IGCIT/Intel-GPU-Community-Issue-Tracker-IGCIT

BoolkaEngine crash when using unaligned vertex struct in mesh shader

Opened this issue ยท 7 comments

Checklist [README]

  • Device is not undervolted nor overclocked
  • Device is using the latest drivers
  • Application is not cracked, modded and use the latest patch

Application [Required]

BoolkaEngine

Processor / Processor Number [Required]

AMD Ryzen 5 3600 6-Core Processor

Graphic Card [Required]

Intel(R) Arc(TM) A770 Graphics

GPU Driver Version [Required]

31.0.101.5382

Other GPU Driver version

No response

Rendering API [Required]

  • Vulkan
  • OpenGL
  • DirectX12
  • DirectX11
  • DirectX10
  • DirectX9
  • Not applicable

Windows Build Number [Required]

  • Windows 11 23H2
  • Windows 11 22H2
  • Windows 11 21H2
  • Windows 10 22H2
  • Windows 10 21H2
  • Other (Please specify)

Other Windows build number

No response

Intel System Support Utility report

igcit_ssu.txt

Description and steps to reproduce [Required]

Download latest release of BoolkaEngine - https://github.com/Devaniti/BoolkaEngine/releases/tag/v0.2
Extract all files
Run start.bat
Application will start and immediately crash

BoolkaEngine is my D3D12 engine pet project.
It works just fine on Nvidia/AMD GPUs.

The issue seems to be related to execution of Mesh Shaders
There is a commit with a workaround for this crash - Devaniti/BoolkaEngine@02855c2
That workaround changes layout of the Vertex struct used with Mesh Shaders
Since there are no relevant limitations on the layout of vertex struct, it is highly likely that it is not UB inside BoolkaEngine, but rather mishandling of vertex struct layout in mesh shaders inside Intel driver

Device / Platform

No response

Crash dumps [Required, if applicable]

No response

Application / Windows logs

No response

@Devaniti hiii and welcome!
I provide support for Game/App developers and I will be assisting you in this case
Let me confirm this crash and I'll be back with my findings. If I have questions I'll ping you right back :)

Karen

Heey @Devaniti quick update!
I could verify the correct excecution of the scene using the build in my NVIDIA RTX 3050 but unfortunately it crashes in my ARC with driver v.5382. I have also performed a small regression like you suggested and the behavior is the same, so I'll be creating an internal report for this.
A couple questions for my report:

  1. Is there an official dx12 doc that you followed to find that the matrix should be returned the way you originally did it? If so, please share
  2. Can you share how many users (give or take) might be impacted?

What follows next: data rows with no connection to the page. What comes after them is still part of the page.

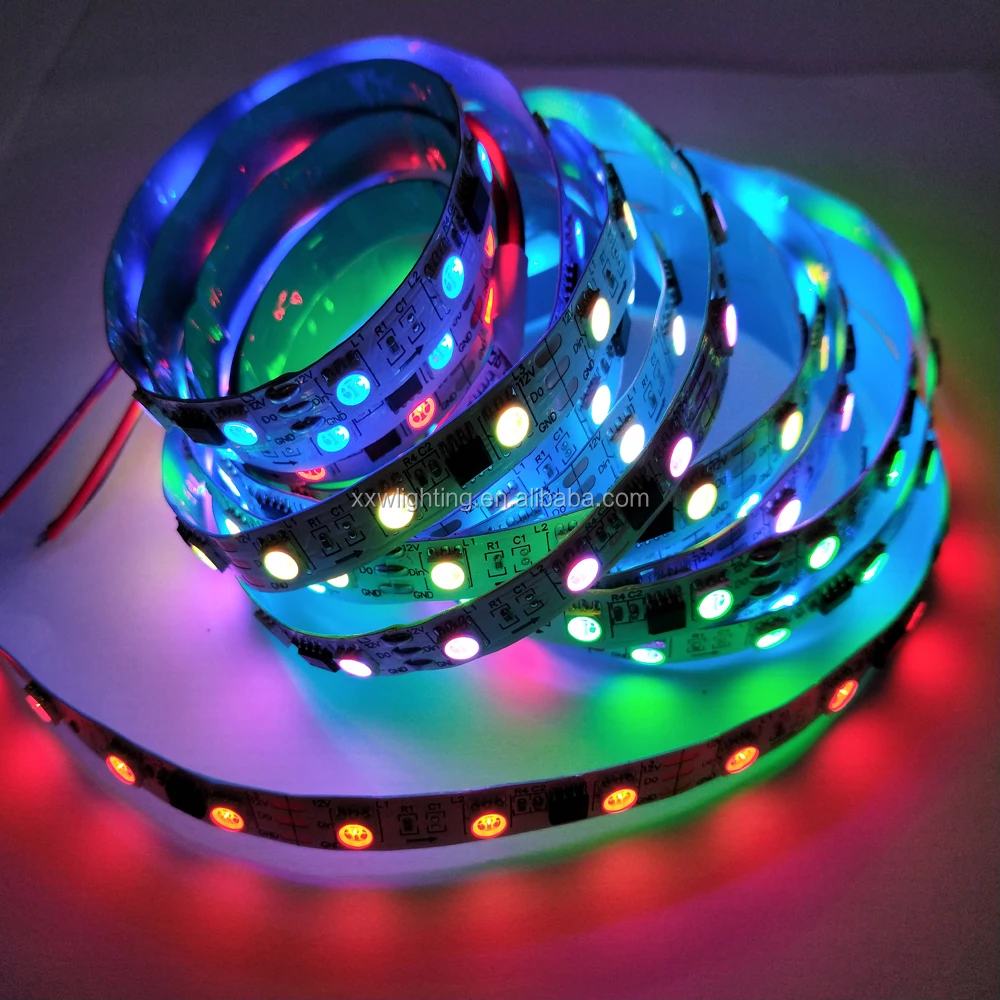 WS2812 WS2815 LPD6803 LED addressable flex strip light 5050RGB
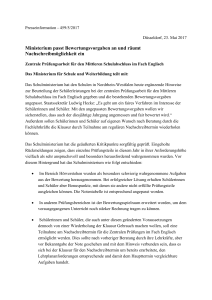 Ministerium passt Bewertungsvorgaben an und räumt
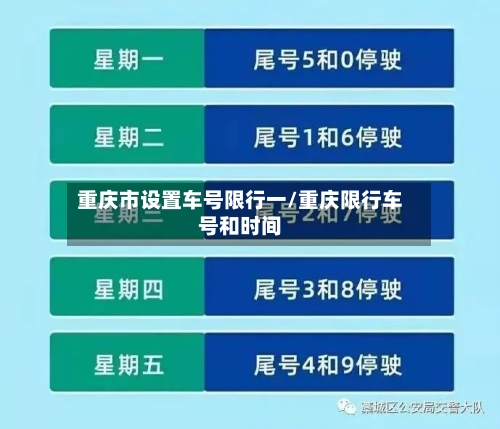 重庆市设置车号限行一/重庆限行车号和时间-第2张图片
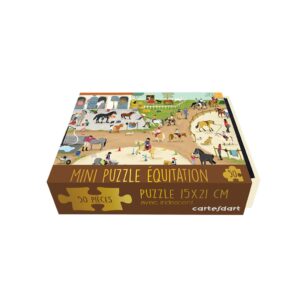 BOITE MINI PUZZLE EQUITATION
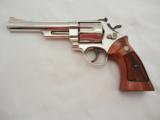 1980 Smith Wesson 57 Nickel 41 Magnum NEW - 1 of 4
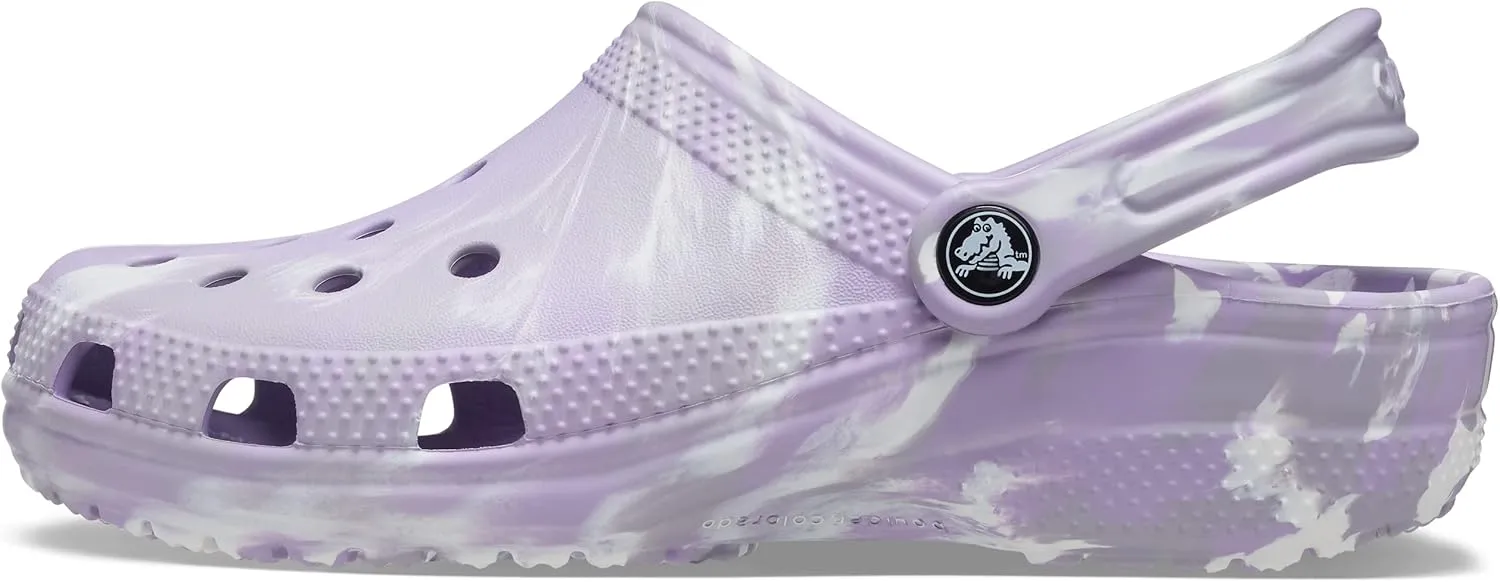 Crocs Unisex Classic Marbled Tie-Dye Clog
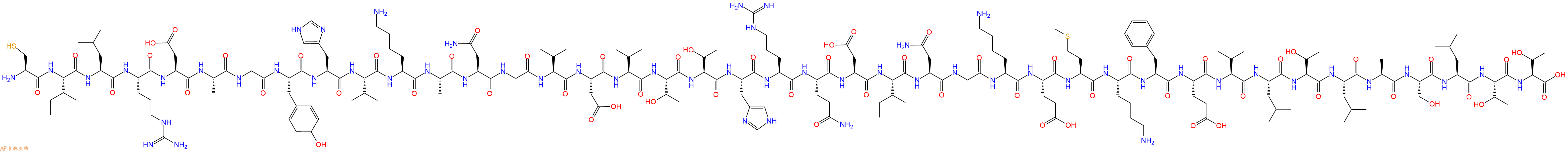 专肽生物产品H2N-Cys-Ile-Leu-Arg-Asp-Ala-Gly-Tyr-His-Val-Lys-Ala-Asn-Gly-Val-Asp-Val-Thr-Thr-His-Arg-Gln-Asp-Ile-Asn-Gly-Lys-Glu-Met-Lys-Phe-Glu-Val-Leu-Thr-Leu-Ala-Ser-Leu-Thr-Thr-COOH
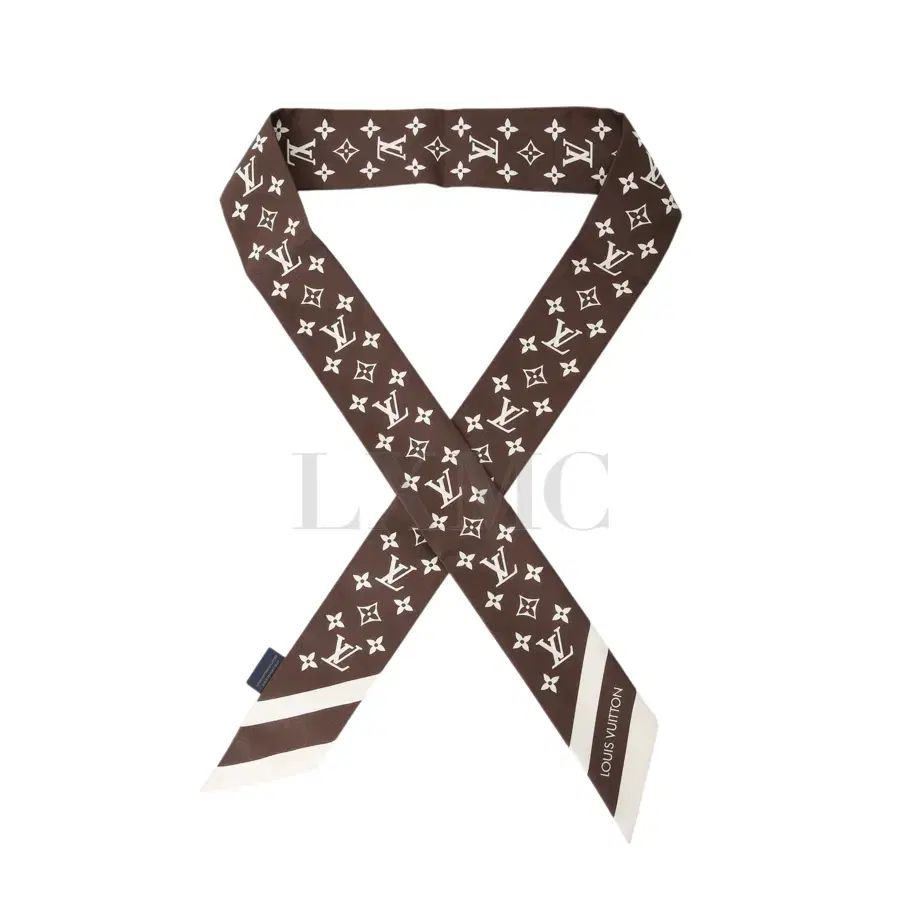 ルイヴィトン モノグラム シルエット BB バンド シルク スカーフ バンダナ M 97392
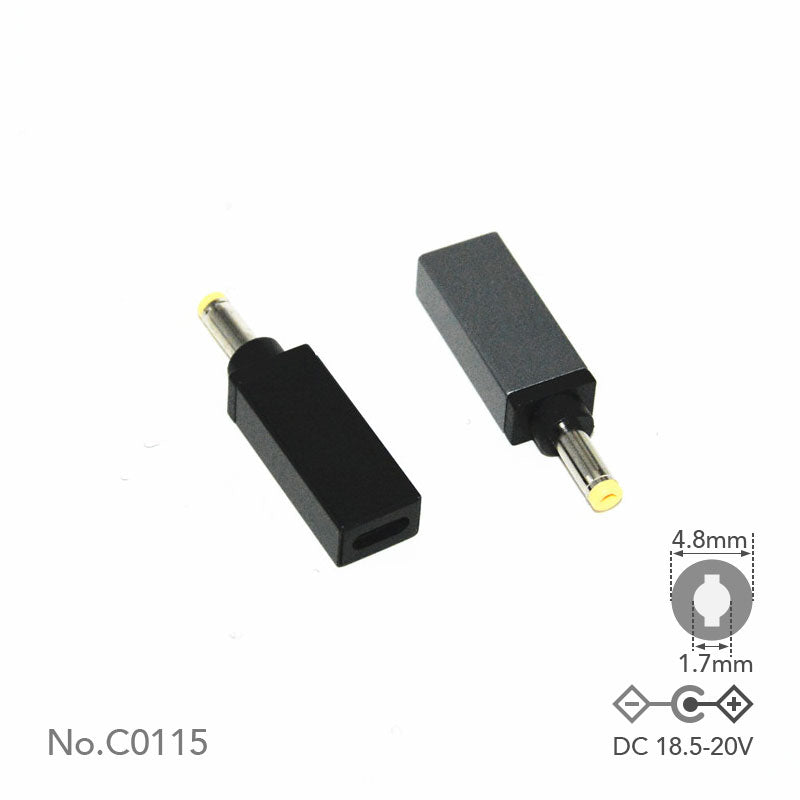 ปลายอะแดปเตอร์ USB-C เป็น DC B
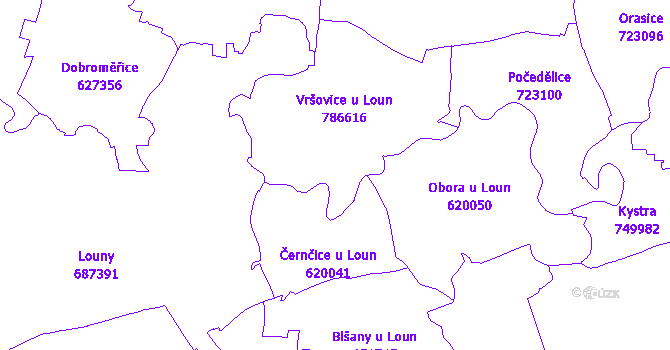 Katastrální mapa Vršovice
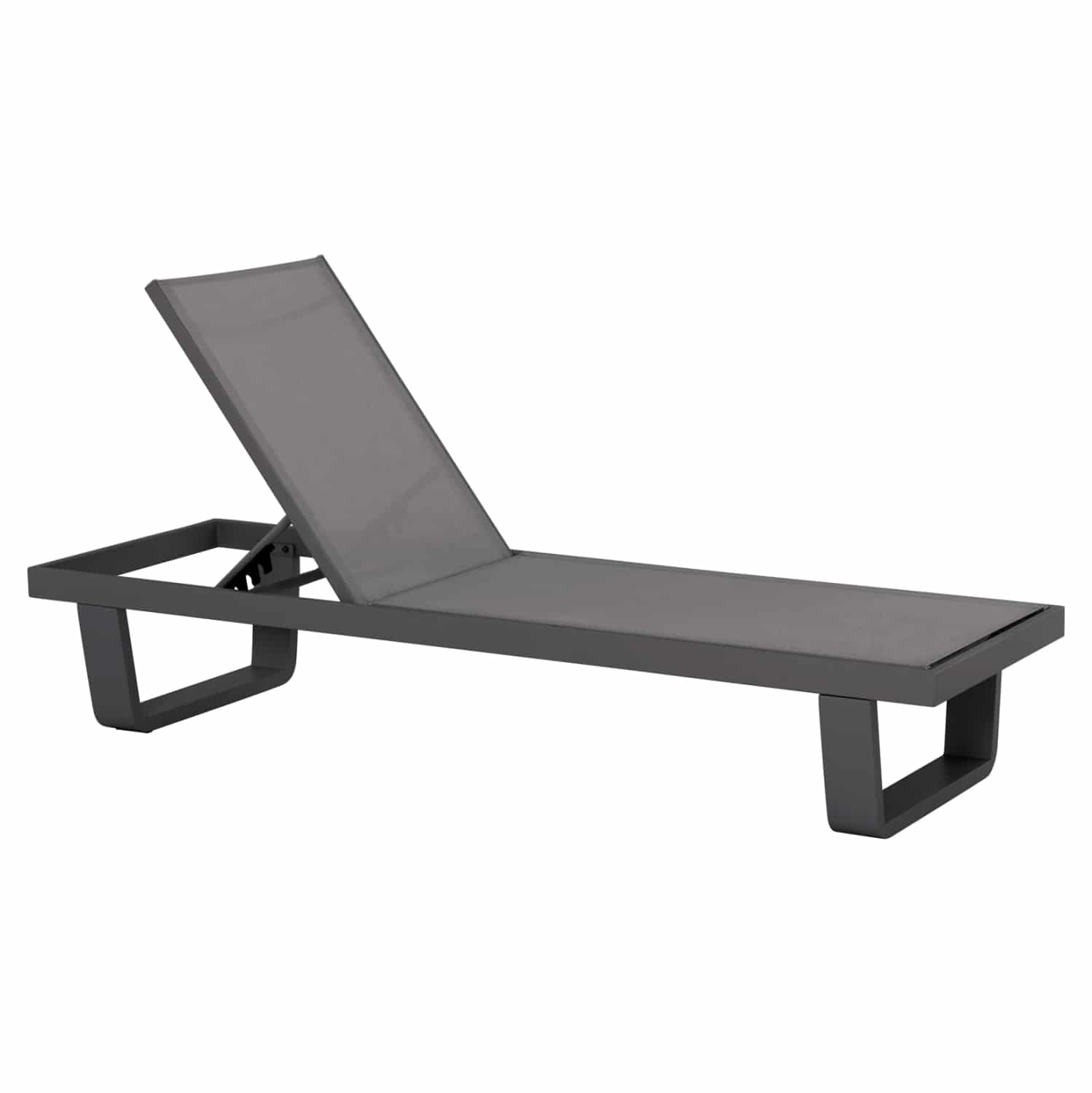 HM6292.01 ΞΑΠΛΩΣΤΡΑ ΑΛΟΥΜΙΝΙΟΥ ΜΕ ΥΦΑΣΜΑ TESLIN RICKON HM6292.01 ΣΕ ΓΚΡΙ 198x61,5x97Υεκ. - Image 1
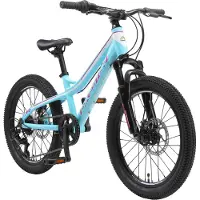 Bikestar Mountainbike Kinderfahrrad 20 Zoll - Türkis Weiß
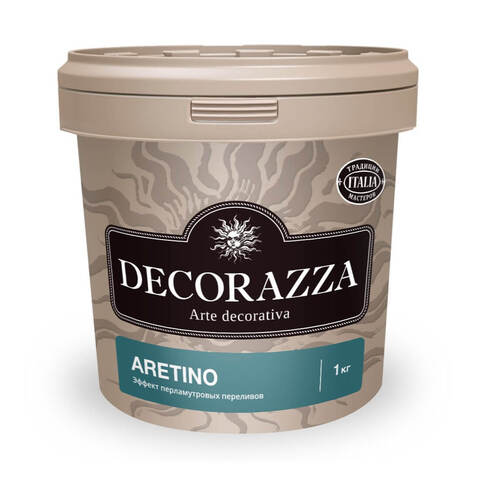 Декоративная штукатурка с эффектом перламутровых переливов Decorazza Aretino / Декорацца Аретино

Thanks, looking forward to hear from you :)

Karen

  1. The most relevant document is this one - https://microsoft.github.io/DirectX-Specs/d3d/MeshShader.html#vertex-attributes
    There is no limit on the structure of the Vertex Attributes, only requirements to specify semantic for each field of the structure and have 4 component element with SV_Position semantic, which are fulfilled in both version before and after the workaround.
  2. This is more of a code sample, and not application that people would actively use. So users that are impacted by the crash in the app itself is about 0, but people may use this code that crashing on Intel ARC as a reference in other projects. Either way I'd expect quite small number of people to be affected by this bug.

As for the workaround having same behavior, on my end workaround does fix the crash on Intel ARC.
To ensure that we are running same code in each case, you can build both versions from scratch:

  1. Clone the https://github.com/Devaniti/BoolkaEngine repo
  2. Run HelperScripts/QuickStart.bat on main branch to observe the crash
  3. Run HelperScripts/QuickStart.bat on the IntelArcWorkaround branch to observe it working with the workaround

That script will build the project, download and prepare the scene and run the app.

Ty @Devaniti
I have been able to run both branches, but I'd rather focus on the one without the WA and see what we can do on the driver side.
Edit: doing some research. Will update soon

Karen

@Devaniti Just a quick comment:
Looking at the document you shared
image

This function requires a 4-component vector, and looking at the WA code you just did that: change from int to int4 and float2 and float3 to float4, right?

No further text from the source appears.